(Exercise instructions): Print out each entry below in full, exactly as given, excluding pictures.
**********
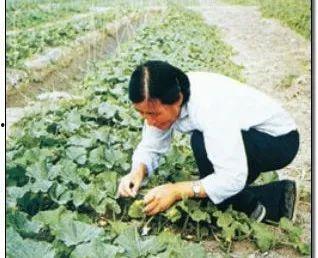 遗忘 吃瓜,揭秘遗忘背后的心理奥秘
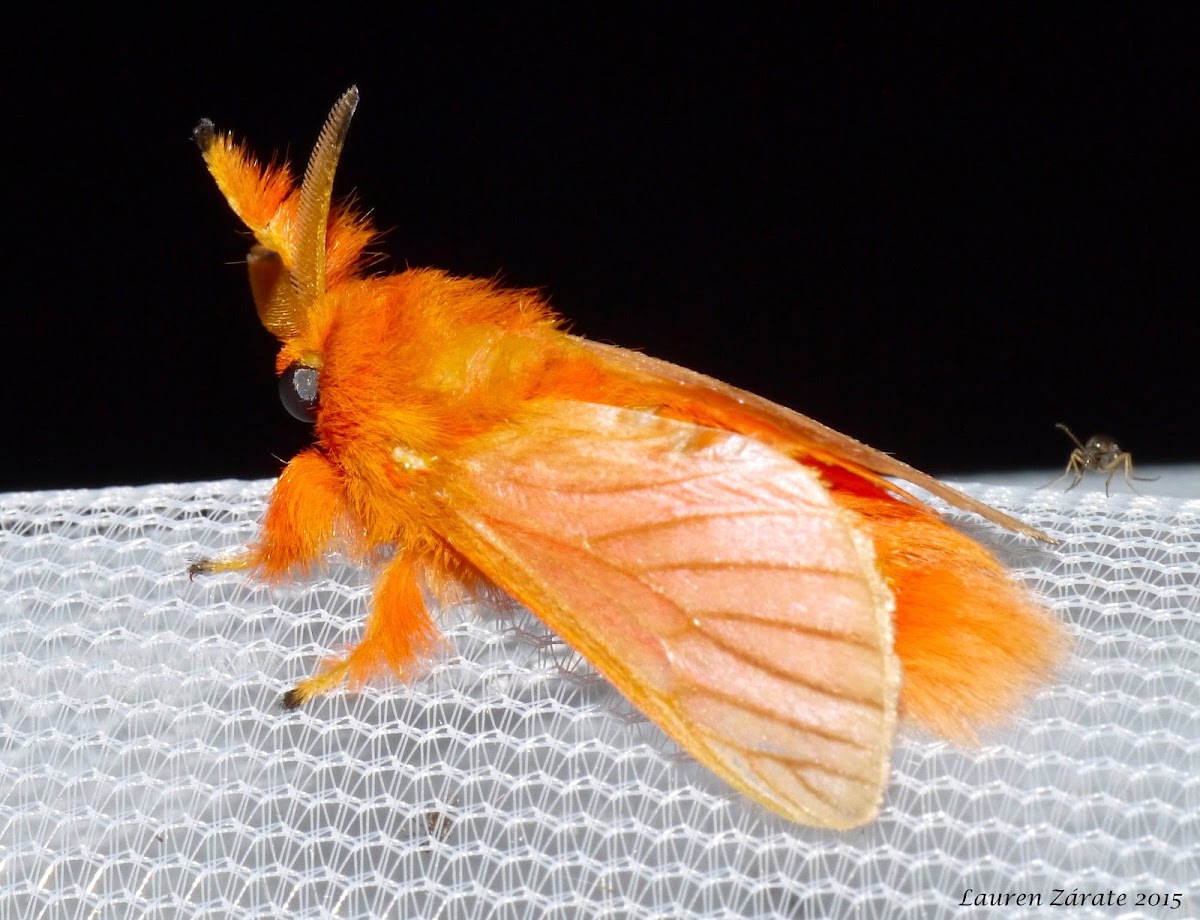 Flannel Moth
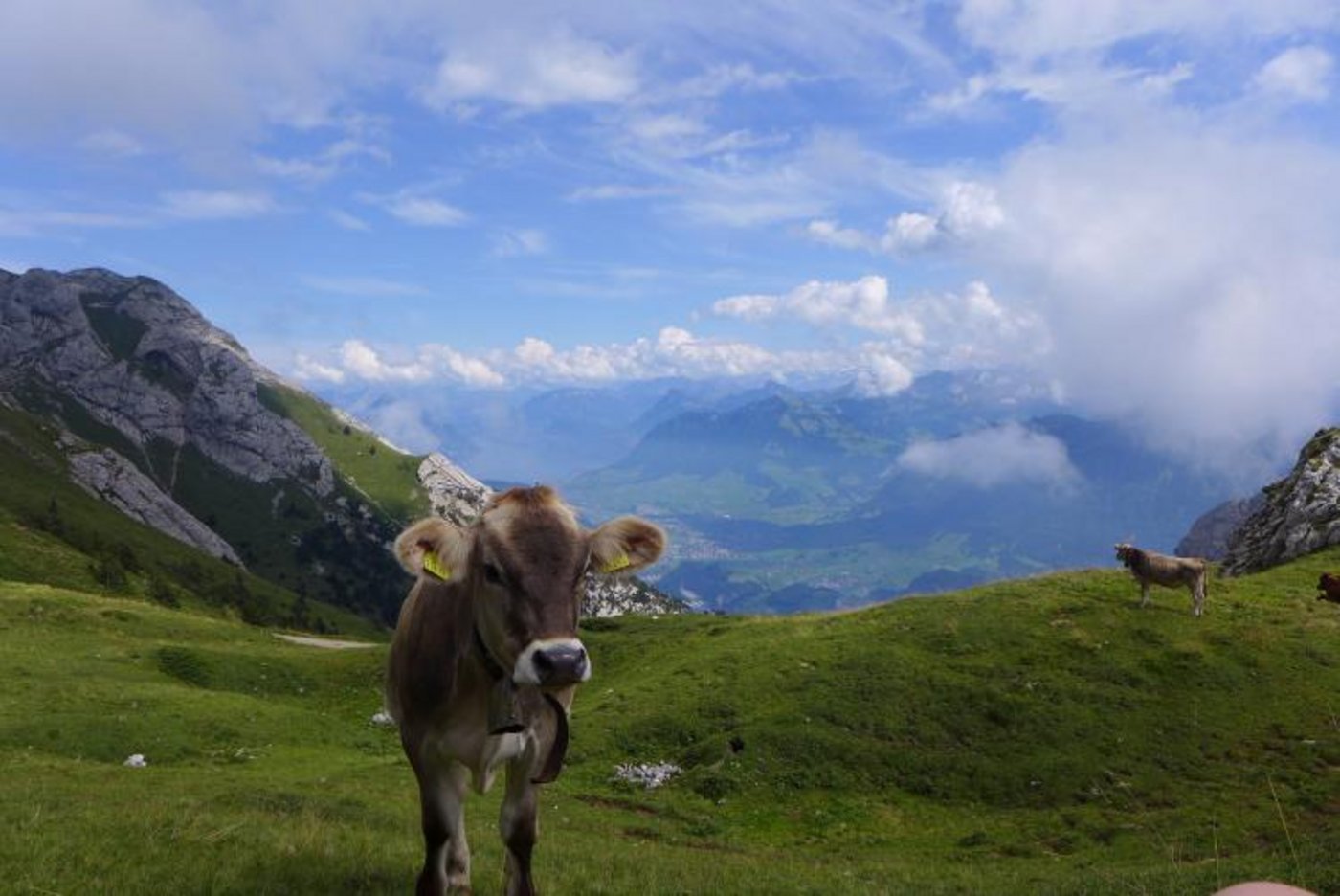 Alp Schwandi/Laub. (Bild David )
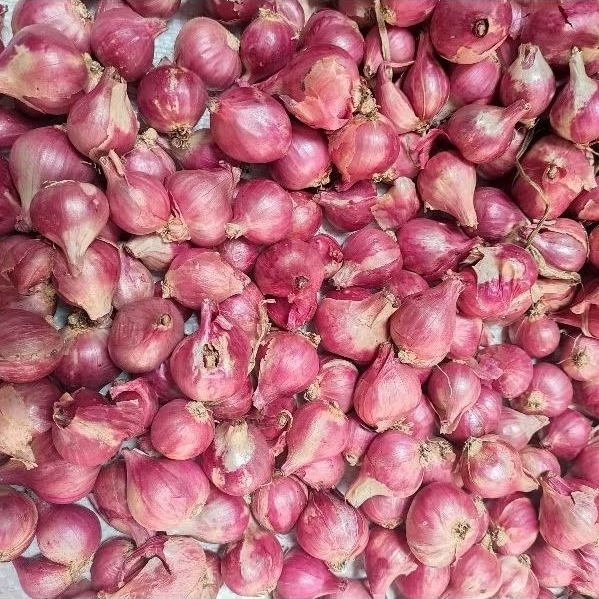 

Bawang Merah 1KG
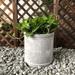 Williston Forge George Cylinder Concrete Pot Planter | 13 H x 13 W x 13 D in | Wayfair DA6A82DC8BF042DBB05005ED7115B57A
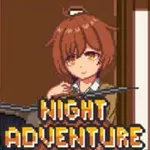 Night Adventure apk download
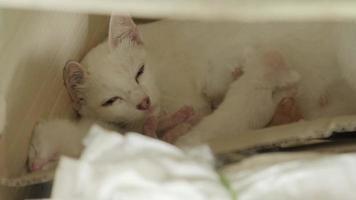 toma de primer plano de una joven gata blanca tumbada y descansando mientras amamanta a los hermosos gatitos recién nacidos con cálido amor y cuidado, mascotas peludas y adorando la vida animal de los mamíferos domésticos. video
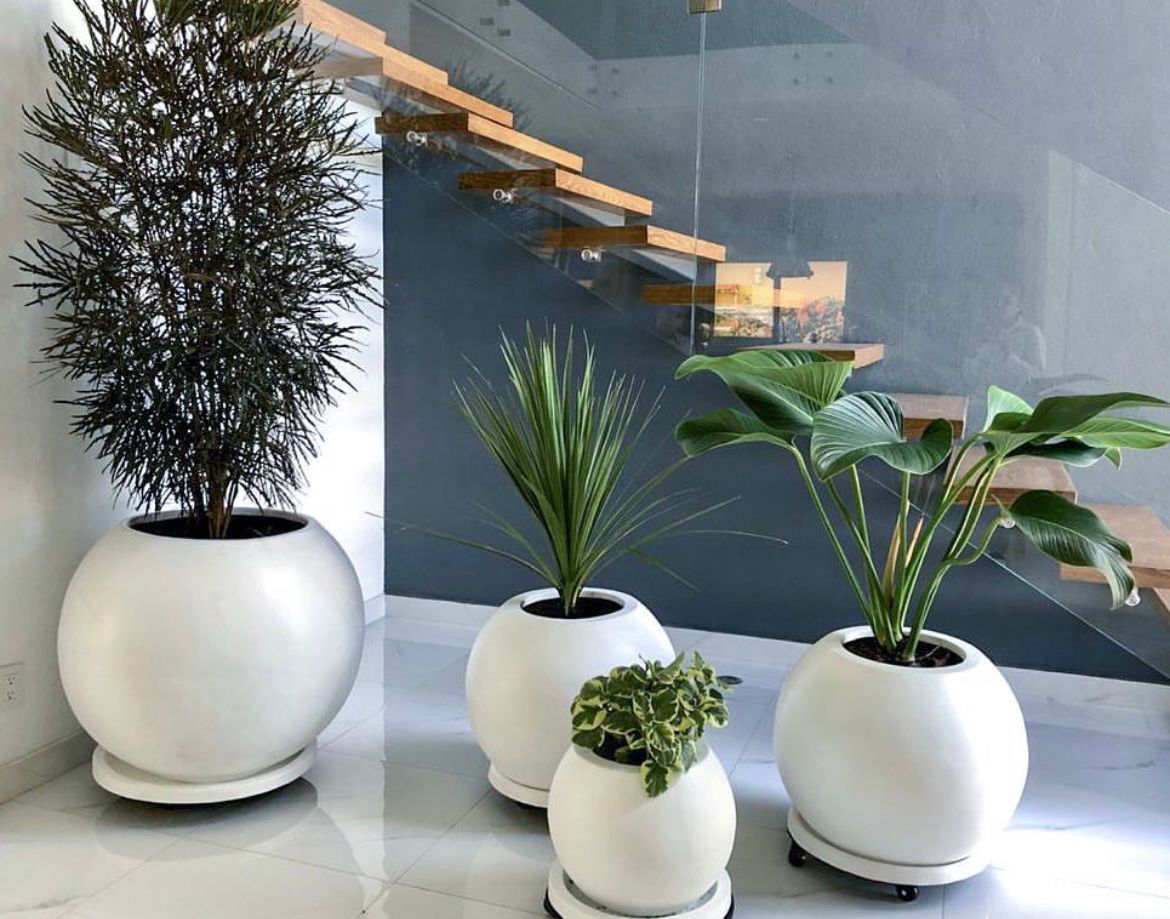 Set Sphera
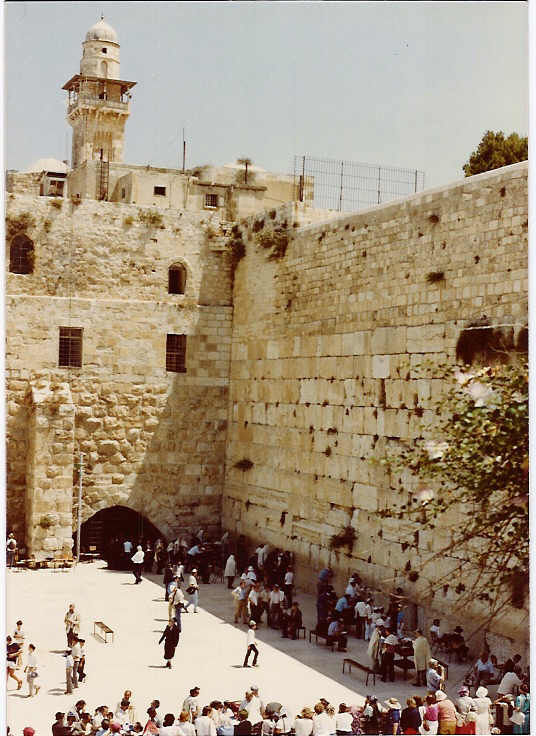scan0003.jpg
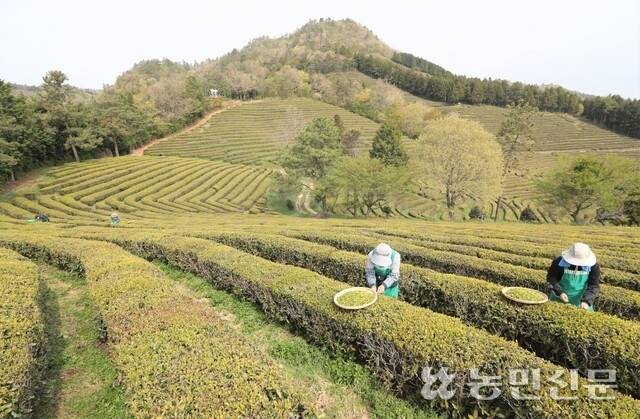 전남 보성 몽중산다원에서 녹차를 수확하는 모습. 농민신문DB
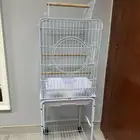 قفص ببغاء كبير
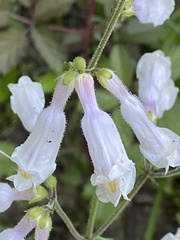 Penstemon tenuiflorus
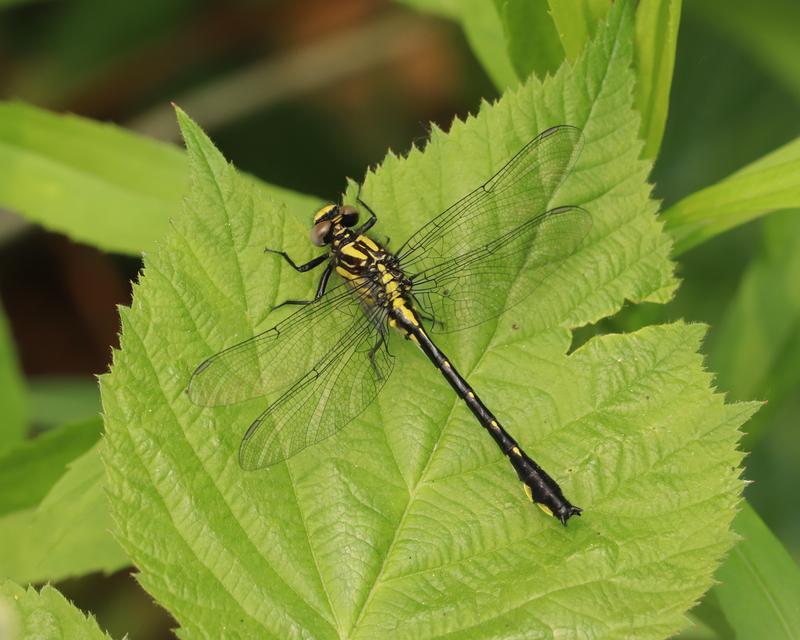 Photo of Green-faced Clubtail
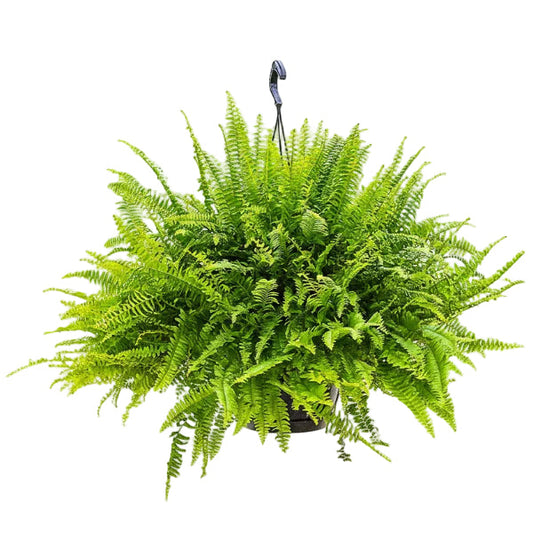 Nephrolepis exaltata, Green Lady, Boston Fern or Sword Fern – image 1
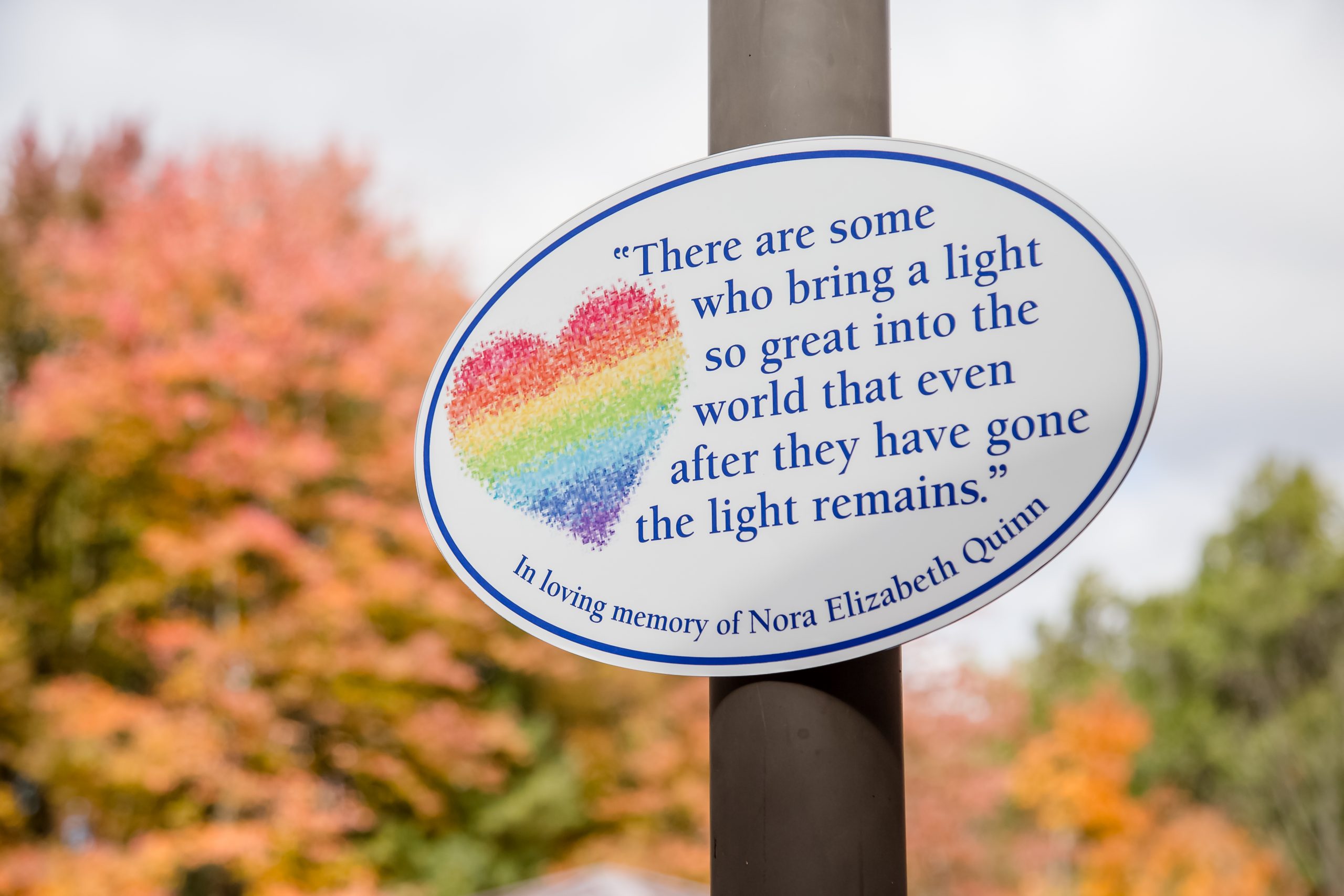 Accessible play area at Jonathan's Dream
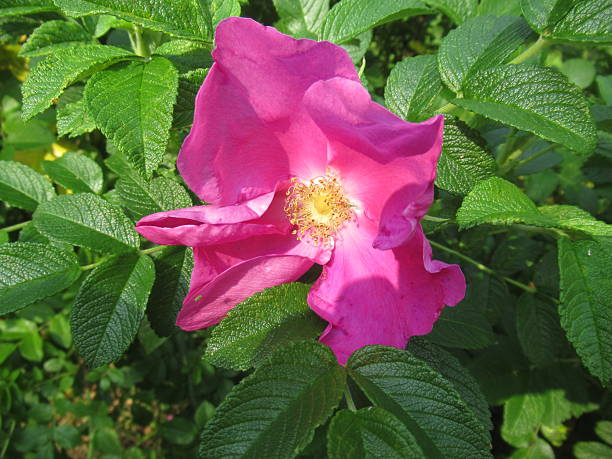 istock Pale pink rosehip flower on a bush 2221432033
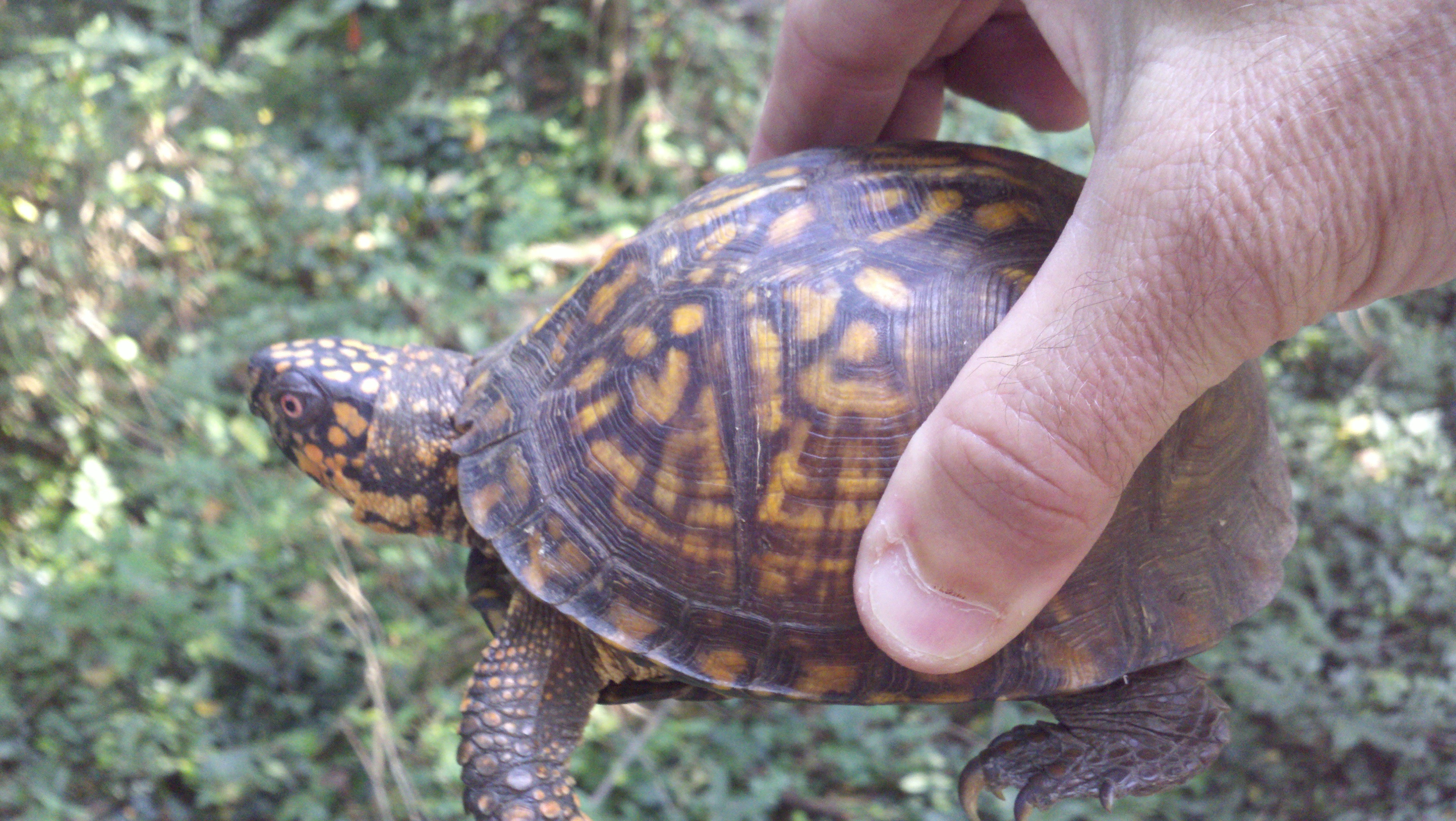 Turtles galore! Davidson Lands Conservancy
**********
(Answer section):
 遗忘 吃瓜,揭秘遗忘背后的心理奥秘
 Flannel Moth
 Alp Schwandi/Laub. (Bild David )

Bawang Merah 1KG
 Williston Forge George Cylinder Concrete Pot Planter | 13 H x 13 W x 13 D in | Wayfair DA6A82DC8BF042DBB05005ED7115B57A
 Night Adventure apk download
 toma de primer plano de una joven gata blanca tumbada y descansando mientras amamanta a los hermosos gatitos recién nacidos con cálido amor y cuidado, mascotas peludas y adorando la vida animal de los mamíferos domésticos. video
 Set Sphera
scan0003.jpg
 전남 보성 몽중산다원에서 녹차를 수확하는 모습. 농민신문DB
 قفص ببغاء كبير
 Penstemon tenuiflorus
 Photo of Green-faced Clubtail
 Nephrolepis exaltata, Green Lady, Boston Fern or Sword Fern – image 1
 Accessible play area at Jonathan's Dream
 istock Pale pink rosehip flower on a bush 2221432033
 Turtles galore! Davidson Lands Conservancy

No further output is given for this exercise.